Menhut Raja Juli Mengku Kembalikan Amplop dari Bupati Kuansing 17 Hari Sebelum KPK Lakukan OTT
- ANTARA/Lintang Budiyanti Prameswari/am.
Jakarta, tvOnenews.com - Menteri Kehutanan (Menhut) Raja Juli Antoni mengungkap kronologi dirinya menerima amplop dari Bupati Kuantan Singingi (Kuansing) Suhardiman Amby.
Raja Juli menegaskan tidak ada pelepasan hutan di kawasan Kuansing, Riau, pasca-namanya terseret dalam pusaran kasus dugaan korupsi Bupati Kuansing yang terjaring Operasi Tangkap Tangan (OTT) Komisi Pemberantasan Korupsi (KPK).
Raja Juli mengungkap mendapat amplop dari Bupati Kuansing pada Selasa, 2 Juni 2026. Hal itu diungkapnya dalam konferensi pers di Kantor Kementerian Kehutanan (Kemenhut) Jakarta pada Jumat (3/7/2026) lalu.
Pertemuan dengan Bupati Kuansing itu dilakukan setelah Pemerintah Kabupaten Kuantan Singingi mengajukan permohonan audiensi secara resmi kepada Kemenhut.
- Antara
Menurutnya, seluruh proses berlangsung secara terbuka dan sesuai dengan prosedur.
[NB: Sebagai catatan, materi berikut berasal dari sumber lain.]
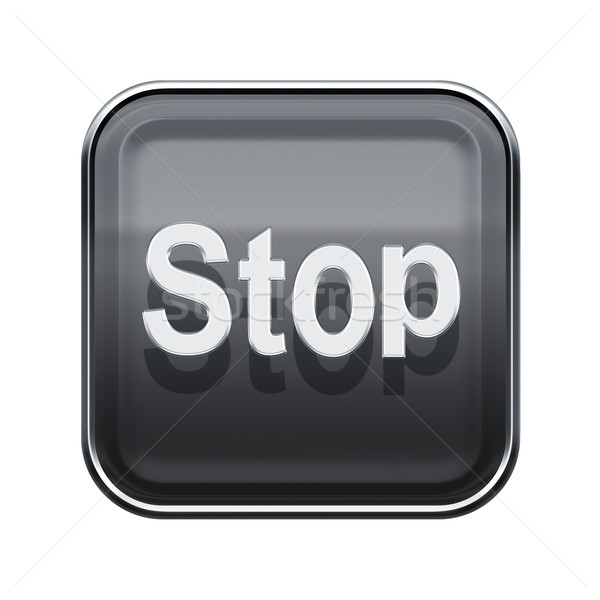 Stop icon glossy grey, isolated on white background Stock photo © zeffss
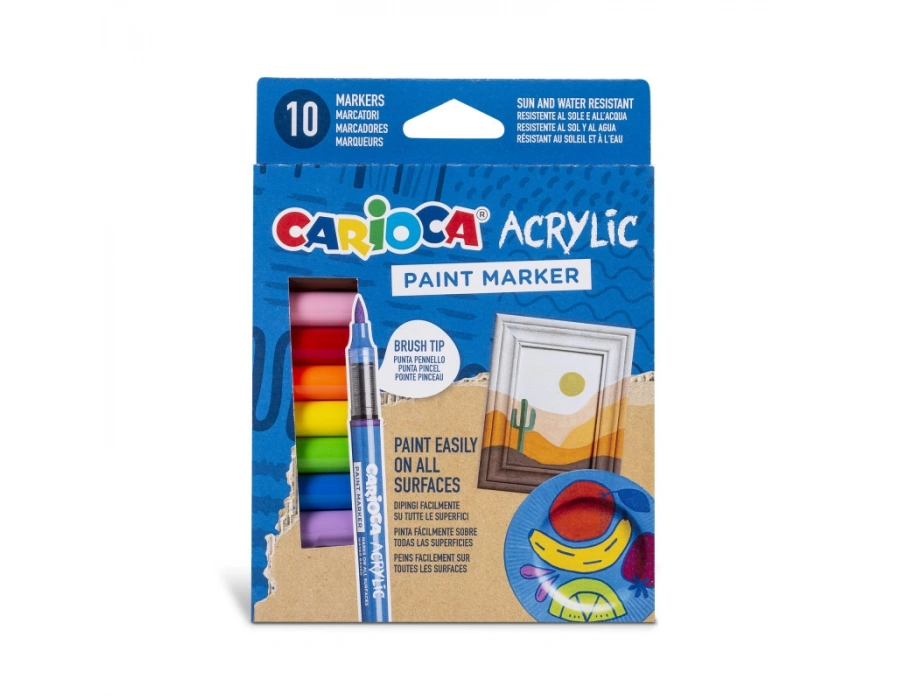 CARIOCA AKRİLİK PAİNT MARKER SU BAZLI FIRÇA UÇLU 2Lİ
Audiensi tersebut diawali dengan surat permohonan resmi dari pemerintah daerah, dipublikasikan melalui media sosial Kemenhut, serta dilengkapi daftar hadir dan notulensi yang seluruhnya siap diserahkan kepada KPK apabila diperlukan.
"Pertemuan itu merupakan audiensi resmi. Ada surat permohonan, daftar hadir, notulensi, dan dipublikasikan melalui media sosial Kemenhut. Seluruh dokumen tersebut siap kami serahkan kepada KPK apabila dibutuhkan,” ungkap Raja Juli.
Usai audiensi selesai, Raja Juli mengaku baru mengetahui adanya sebuah amplop tertutup yang ditinggalkan oleh Bupati Kuansing.
Tanpa membuka ataupun mengetahui isi amplop tersebut, ia langsung memerintahkan ajudannya untuk mengembalikannya karena merasa tidak memiliki hak atas barang tersebut.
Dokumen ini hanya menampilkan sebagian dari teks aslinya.